🤖 AI Summary
Learning high-reliability policies for autonomous AI systems (e.g., autonomous driving) from limited, noisy human demonstrations remains challenging.
Method: This paper proposes a theoretically grounded active inverse reinforcement learning (IRL) framework. It introduces the PAC-EIG acquisition function—the first to provide Probably Approximately Correct (PAC) guarantees for active IRL under noisy expert demonstrations—and its variant Reward-EIG, tailored for reward modeling. Leveraging Bayesian active learning, the method selects maximally discriminative demonstration scenarios by optimizing information gain about policy regret, within finite state-action spaces.

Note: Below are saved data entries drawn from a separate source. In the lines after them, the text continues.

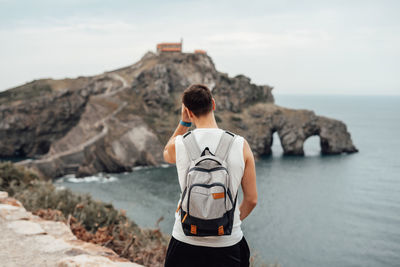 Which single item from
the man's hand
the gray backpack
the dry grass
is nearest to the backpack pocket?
the gray backpack

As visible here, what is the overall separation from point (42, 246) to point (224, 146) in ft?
12.3

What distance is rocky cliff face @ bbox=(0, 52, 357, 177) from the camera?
5809cm

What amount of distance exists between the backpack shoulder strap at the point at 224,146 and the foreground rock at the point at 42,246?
2.44 metres

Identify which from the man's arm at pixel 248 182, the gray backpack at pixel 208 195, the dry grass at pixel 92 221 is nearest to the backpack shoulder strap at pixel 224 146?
the gray backpack at pixel 208 195

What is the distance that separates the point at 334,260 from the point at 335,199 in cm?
1814

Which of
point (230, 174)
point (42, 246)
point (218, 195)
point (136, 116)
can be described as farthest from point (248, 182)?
point (136, 116)

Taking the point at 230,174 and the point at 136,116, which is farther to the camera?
the point at 136,116

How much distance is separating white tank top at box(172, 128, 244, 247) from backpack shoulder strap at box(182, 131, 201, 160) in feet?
0.09

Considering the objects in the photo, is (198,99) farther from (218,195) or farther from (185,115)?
(218,195)

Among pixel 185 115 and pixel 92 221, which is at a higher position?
pixel 185 115

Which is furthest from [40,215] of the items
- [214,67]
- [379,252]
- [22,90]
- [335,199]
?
[22,90]

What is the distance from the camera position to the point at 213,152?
2500 mm

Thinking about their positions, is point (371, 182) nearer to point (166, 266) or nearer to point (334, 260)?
point (334, 260)

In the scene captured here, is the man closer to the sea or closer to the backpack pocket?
the backpack pocket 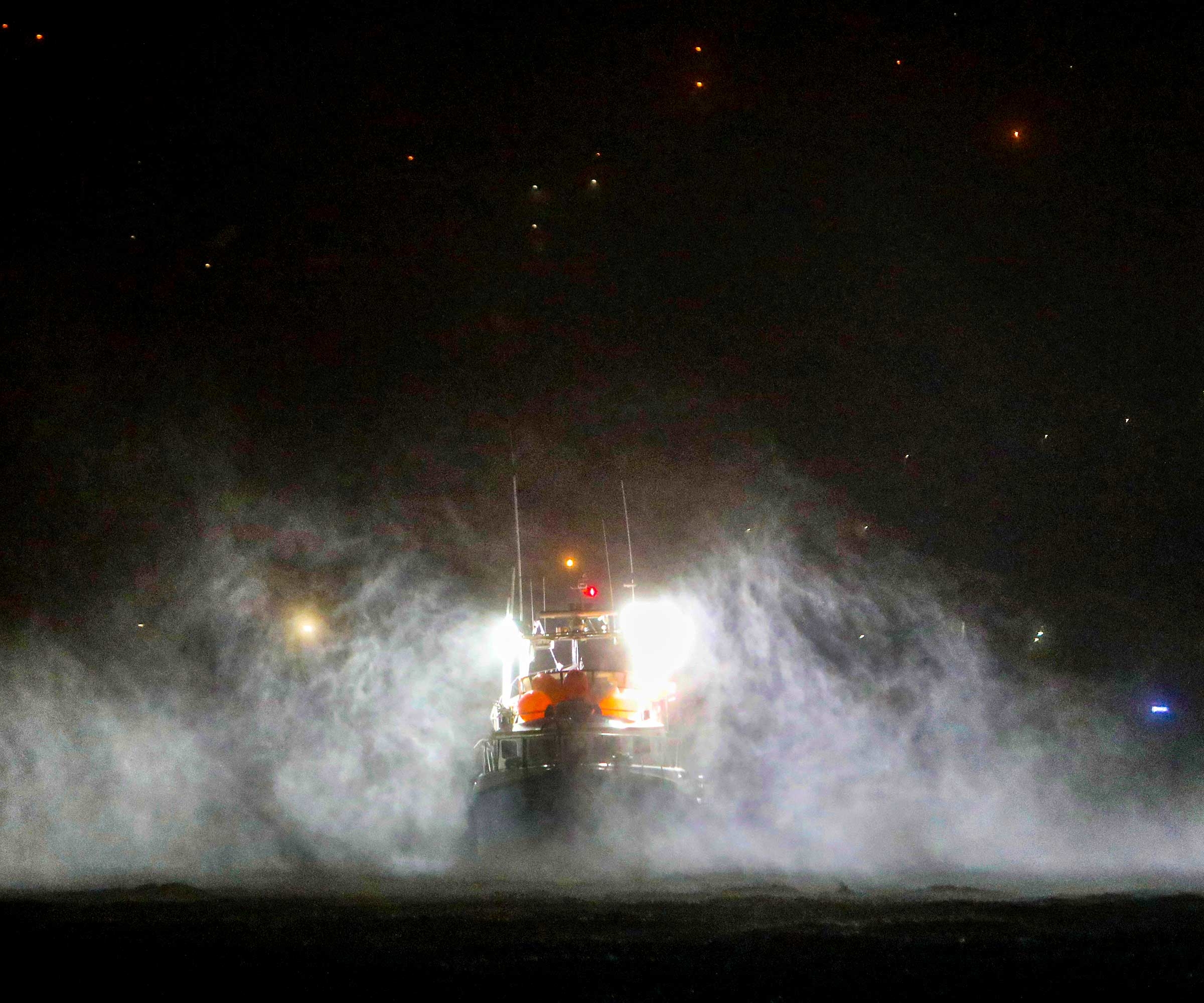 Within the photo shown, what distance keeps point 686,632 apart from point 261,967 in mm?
16865

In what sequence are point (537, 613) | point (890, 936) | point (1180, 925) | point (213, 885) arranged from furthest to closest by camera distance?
point (537, 613)
point (213, 885)
point (1180, 925)
point (890, 936)

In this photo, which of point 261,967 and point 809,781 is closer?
point 261,967

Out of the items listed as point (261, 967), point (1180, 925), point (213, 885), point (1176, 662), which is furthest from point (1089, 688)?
point (261, 967)

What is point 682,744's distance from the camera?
2394 centimetres

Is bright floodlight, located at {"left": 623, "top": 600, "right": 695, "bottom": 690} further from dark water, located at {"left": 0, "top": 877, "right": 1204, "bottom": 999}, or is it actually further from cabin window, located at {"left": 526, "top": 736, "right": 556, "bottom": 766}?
dark water, located at {"left": 0, "top": 877, "right": 1204, "bottom": 999}

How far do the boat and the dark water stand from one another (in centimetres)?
383

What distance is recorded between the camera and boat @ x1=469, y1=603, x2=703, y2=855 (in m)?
16.8

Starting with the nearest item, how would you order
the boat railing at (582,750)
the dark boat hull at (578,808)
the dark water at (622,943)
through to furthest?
the dark water at (622,943), the dark boat hull at (578,808), the boat railing at (582,750)

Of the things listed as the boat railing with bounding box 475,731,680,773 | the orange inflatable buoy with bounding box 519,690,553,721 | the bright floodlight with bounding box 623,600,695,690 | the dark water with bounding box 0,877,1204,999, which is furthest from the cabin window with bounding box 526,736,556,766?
the dark water with bounding box 0,877,1204,999

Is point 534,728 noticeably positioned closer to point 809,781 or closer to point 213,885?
point 213,885

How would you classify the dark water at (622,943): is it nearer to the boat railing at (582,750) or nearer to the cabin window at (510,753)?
the boat railing at (582,750)

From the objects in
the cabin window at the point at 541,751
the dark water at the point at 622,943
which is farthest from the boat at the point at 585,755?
the dark water at the point at 622,943

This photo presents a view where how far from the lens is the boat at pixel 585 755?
16828 mm

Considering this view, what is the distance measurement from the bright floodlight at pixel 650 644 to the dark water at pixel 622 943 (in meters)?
7.10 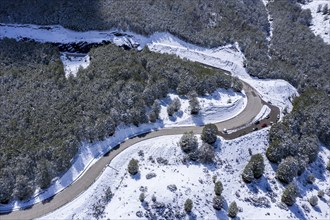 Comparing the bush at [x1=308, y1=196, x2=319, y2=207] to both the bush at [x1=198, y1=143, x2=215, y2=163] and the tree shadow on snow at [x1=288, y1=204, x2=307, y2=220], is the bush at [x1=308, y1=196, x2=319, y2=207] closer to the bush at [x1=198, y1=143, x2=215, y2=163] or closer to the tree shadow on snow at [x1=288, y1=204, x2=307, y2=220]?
the tree shadow on snow at [x1=288, y1=204, x2=307, y2=220]

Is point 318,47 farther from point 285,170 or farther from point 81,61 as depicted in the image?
point 81,61

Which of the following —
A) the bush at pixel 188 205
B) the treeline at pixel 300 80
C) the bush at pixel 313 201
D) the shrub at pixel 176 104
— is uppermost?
the treeline at pixel 300 80

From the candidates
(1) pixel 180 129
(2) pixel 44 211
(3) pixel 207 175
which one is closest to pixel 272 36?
(1) pixel 180 129

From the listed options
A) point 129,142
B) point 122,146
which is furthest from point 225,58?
point 122,146

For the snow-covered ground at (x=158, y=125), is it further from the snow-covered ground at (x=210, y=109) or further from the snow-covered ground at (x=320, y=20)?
the snow-covered ground at (x=320, y=20)

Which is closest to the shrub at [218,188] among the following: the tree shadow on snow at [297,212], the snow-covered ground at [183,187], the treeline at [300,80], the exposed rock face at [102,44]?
the snow-covered ground at [183,187]

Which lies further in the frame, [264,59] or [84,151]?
[264,59]

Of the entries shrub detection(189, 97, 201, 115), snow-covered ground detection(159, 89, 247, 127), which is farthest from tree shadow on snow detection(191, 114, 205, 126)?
shrub detection(189, 97, 201, 115) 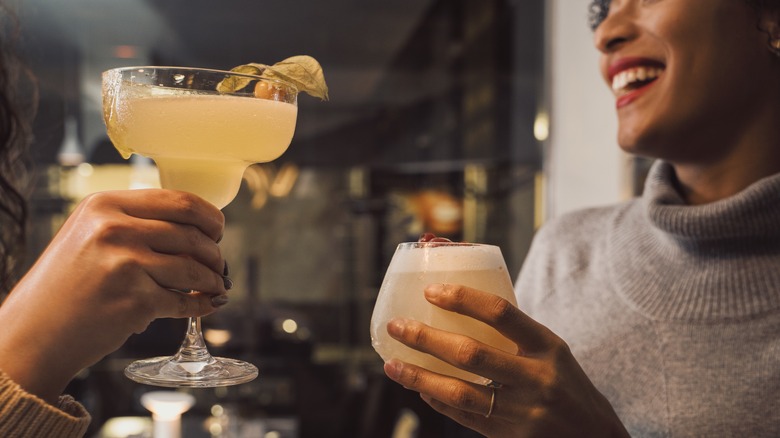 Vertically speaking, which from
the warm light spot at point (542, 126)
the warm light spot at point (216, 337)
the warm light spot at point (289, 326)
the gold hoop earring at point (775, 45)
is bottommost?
the warm light spot at point (289, 326)

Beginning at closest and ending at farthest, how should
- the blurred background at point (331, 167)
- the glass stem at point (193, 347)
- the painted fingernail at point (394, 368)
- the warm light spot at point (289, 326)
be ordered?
the painted fingernail at point (394, 368) → the glass stem at point (193, 347) → the blurred background at point (331, 167) → the warm light spot at point (289, 326)

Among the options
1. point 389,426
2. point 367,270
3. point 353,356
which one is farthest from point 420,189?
point 389,426

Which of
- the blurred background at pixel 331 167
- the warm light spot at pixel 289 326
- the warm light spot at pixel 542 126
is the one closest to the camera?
the warm light spot at pixel 542 126

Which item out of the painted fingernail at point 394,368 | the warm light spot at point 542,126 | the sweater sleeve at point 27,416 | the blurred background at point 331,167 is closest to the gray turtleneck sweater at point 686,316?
the painted fingernail at point 394,368

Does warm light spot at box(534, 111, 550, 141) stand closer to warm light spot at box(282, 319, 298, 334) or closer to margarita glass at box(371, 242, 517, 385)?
warm light spot at box(282, 319, 298, 334)

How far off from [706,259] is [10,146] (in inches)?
57.9

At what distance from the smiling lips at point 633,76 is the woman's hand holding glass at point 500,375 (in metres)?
0.75

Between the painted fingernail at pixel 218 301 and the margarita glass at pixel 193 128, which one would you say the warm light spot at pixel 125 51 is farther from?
the painted fingernail at pixel 218 301

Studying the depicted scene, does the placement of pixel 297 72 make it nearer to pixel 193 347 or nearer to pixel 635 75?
pixel 193 347

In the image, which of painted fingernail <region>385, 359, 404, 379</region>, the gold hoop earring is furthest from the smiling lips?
painted fingernail <region>385, 359, 404, 379</region>

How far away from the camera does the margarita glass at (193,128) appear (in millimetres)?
1010

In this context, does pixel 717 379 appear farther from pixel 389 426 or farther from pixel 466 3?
pixel 466 3

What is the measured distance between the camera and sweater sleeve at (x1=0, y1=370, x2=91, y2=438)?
2.64 ft

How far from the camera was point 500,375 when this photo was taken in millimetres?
917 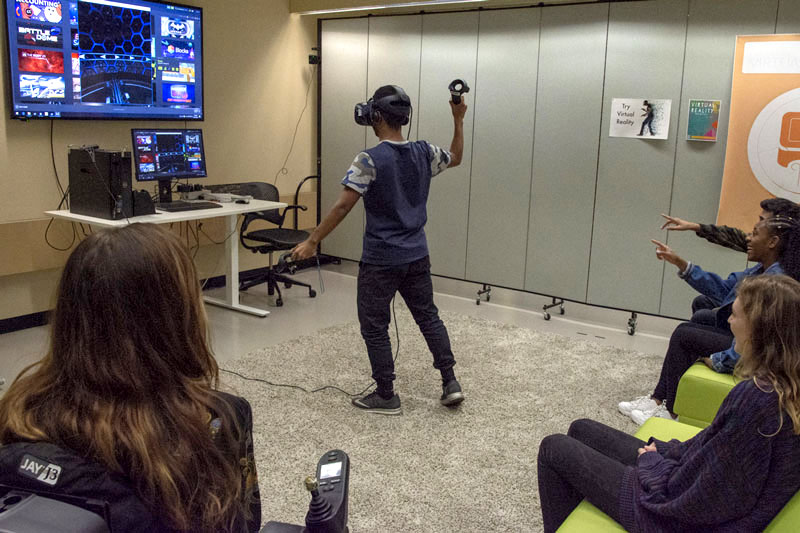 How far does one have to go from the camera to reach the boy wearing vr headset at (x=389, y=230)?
326 cm

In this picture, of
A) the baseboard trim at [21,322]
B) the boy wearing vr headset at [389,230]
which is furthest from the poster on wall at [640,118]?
the baseboard trim at [21,322]

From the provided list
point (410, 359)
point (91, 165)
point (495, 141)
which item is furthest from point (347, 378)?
point (495, 141)

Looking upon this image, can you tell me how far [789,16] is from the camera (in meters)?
4.27

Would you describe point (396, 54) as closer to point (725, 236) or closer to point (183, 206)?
point (183, 206)

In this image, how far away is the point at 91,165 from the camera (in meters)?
4.30

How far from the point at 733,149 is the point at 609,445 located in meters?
3.06

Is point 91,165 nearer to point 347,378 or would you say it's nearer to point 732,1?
point 347,378

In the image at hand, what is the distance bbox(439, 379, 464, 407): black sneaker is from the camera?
11.6 feet

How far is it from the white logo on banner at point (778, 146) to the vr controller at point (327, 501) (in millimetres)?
4109

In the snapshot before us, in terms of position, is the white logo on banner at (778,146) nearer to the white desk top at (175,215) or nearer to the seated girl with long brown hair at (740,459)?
the seated girl with long brown hair at (740,459)

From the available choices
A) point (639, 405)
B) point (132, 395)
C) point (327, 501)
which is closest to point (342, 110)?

Contributions/Results: We establish theoretical convergence bounds and uncover failure modes of existing heuristic approaches. Experiments demonstrate substantial improvements in both sample efficiency and policy reliability over baselines.
📝 Abstract
As AI systems become increasingly autonomous, reliably aligning their decision-making to human preferences is essential. Inverse reinforcement learning (IRL) offers a promising approach to infer preferences from demonstrations. These preferences can then be used to produce an apprentice policy that performs well on the demonstrated task. However, in domains like autonomous driving or robotics, where errors can have serious consequences, we need not just good average performance but reliable policies with formal guarantees -- yet obtaining sufficient human demonstrations for reliability guarantees can be costly. Active IRL addresses this challenge by strategically selecting the most informative scenarios for human demonstration. We introduce PAC-EIG, an information-theoretic acquisition function that directly targets probably-approximately-correct (PAC) guarantees for the learned policy -- providing the first such theoretical guarantee for active IRL with noisy expert demonstrations. Our method maximises information gain about the regret of the apprentice policy, efficiently identifying states requiring further demonstration. We also present Reward-EIG as an alternative when learning the reward itself is the primary objective. Focusing on finite state-action spaces, we prove convergence bounds, illustrate failure modes of prior heuristic methods, and demonstrate our method's advantages experimentally.